What happens when there’s no YouTube? Welcome to China
Homegrown online video services from Baidu, Alibaba and Tencent are flourishing in the world’s largest internet market
YouTube suffered a major global outage for at least an hour today, and the internet freaked out.
Social media was swamped with posts of panic-stricken users who wondered what to do with their lives. And while YouTube is banned in China, netizens still jumped at the chance to poke fun at the service interruption.
“Thank god, the country has protected us well,” said another comment, which has since been deleted.
Beyond the droll humor, the comments show just how fast China’s vast online video services have grown over the past few years, without YouTube and Netflix in the country.
Chinese consumers have flocked to prominent players like Tencent Video, iQiyi and Youku Tudou -- owned, respectively, by Chinese internet giants Tencent, Baidu and Alibaba.
(Abacus is a unit of the South China Morning Post, which is owned by Alibaba.)
Tencent Video, iQiyi and Youku Tudou each operate like a combination of YouTube and Netflix. While these Chinese platforms provide plenty of free videos and user-generated clips, they also run a subscription business model that has users paying for premium, ad-free content, such as licensed TV shows and films.
Apart from licensed shows from overseas, the companies have each secured exclusive rights to a range of popular domestic TV shows.

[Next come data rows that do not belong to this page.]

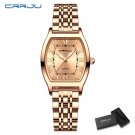 Rose box_Rectangle Ultrathin Simple Japan Quartz Lady Stainless Steel Bracelet Belt Watches for Wome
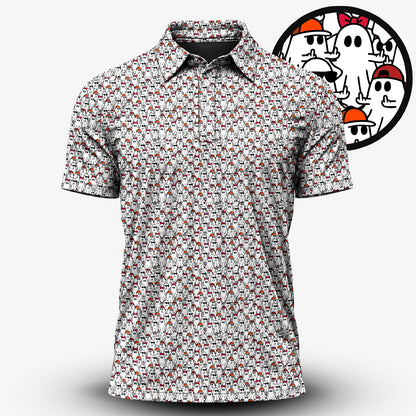 The Ghost Halloween Men Polo Shirt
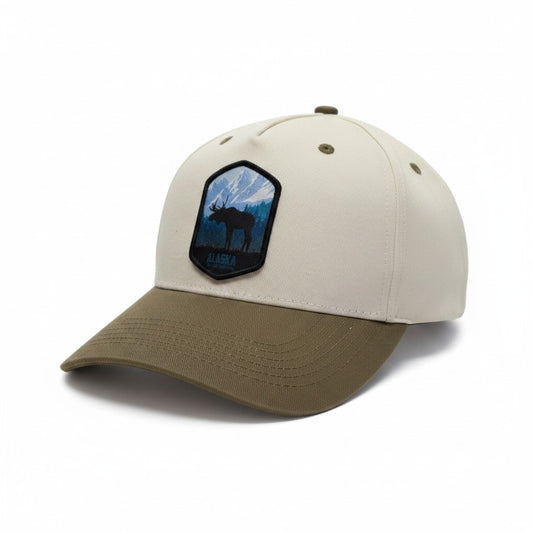 Alaska Moose Patch Two-Tone Snapback Hat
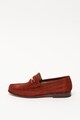 GUESS Pantofi loafer de piele intoarsa, cu logo metalic Barbati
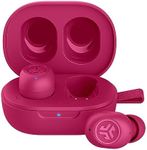 JLab JBuds Mini True Wireless Bluetooth Earbuds + Charging Case, Hot Pink, IP55 Sweat and Dust Proof, Bluetooth Multipoint, Be Aware Audio, 3 EQ Sound Settings, Crystal Clear Calls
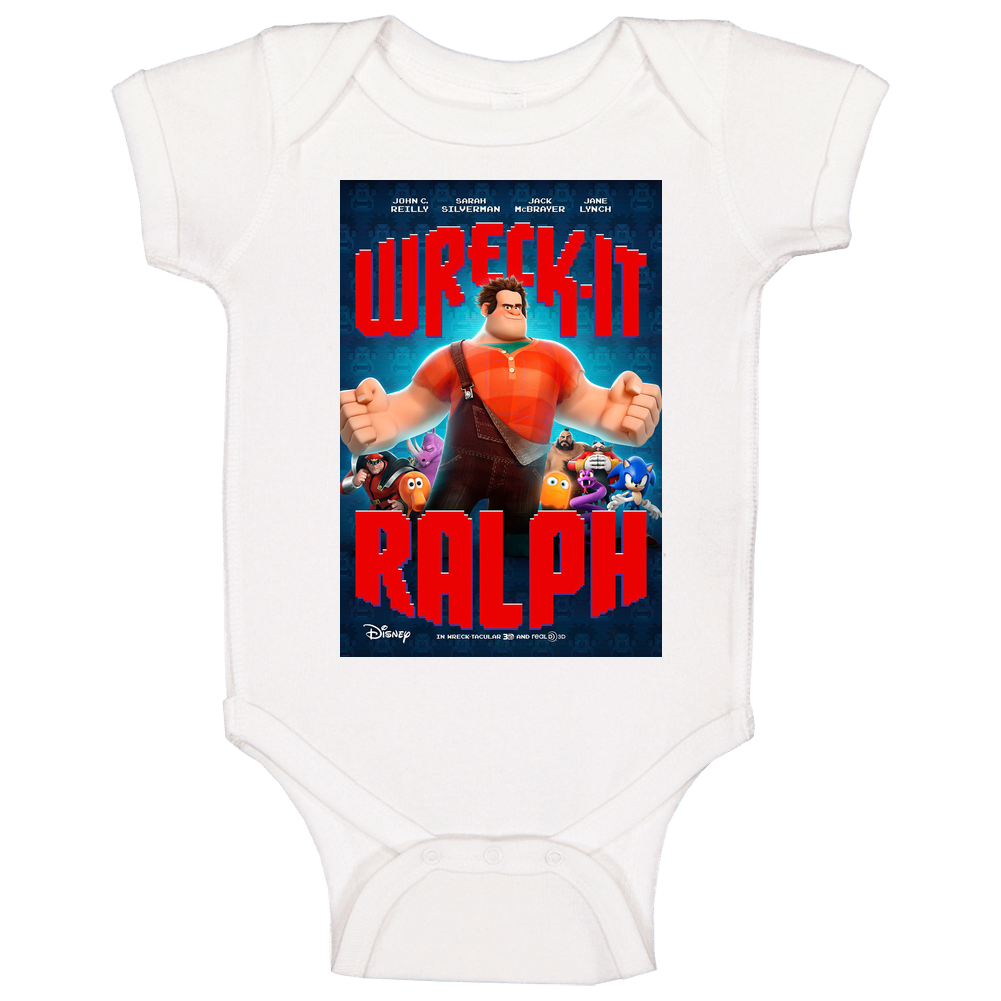 Wreck It Ralph romper Baby One Piece Wreck It Ralph romper Baby One Piece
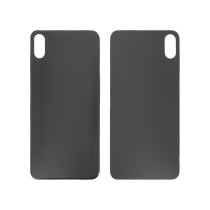 Tapa Trasera Gris Espacial iPhone XS Max (Agujero Grande) (Sin logo)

The 70-episode historic imperial drama, The Story of Yanxi Palace, set a single-day viewer record on August 12 when 530 million people tuned in on iQiyi. The show can be searched on other sites, but viewers are directed back to iQiyi -- a set-up other exclusive shows and films follow.
Still, prices remain affordable. The basic subscription for each of these services cost around US$2 a month, compared with US$10 for YouTube Premium in the US.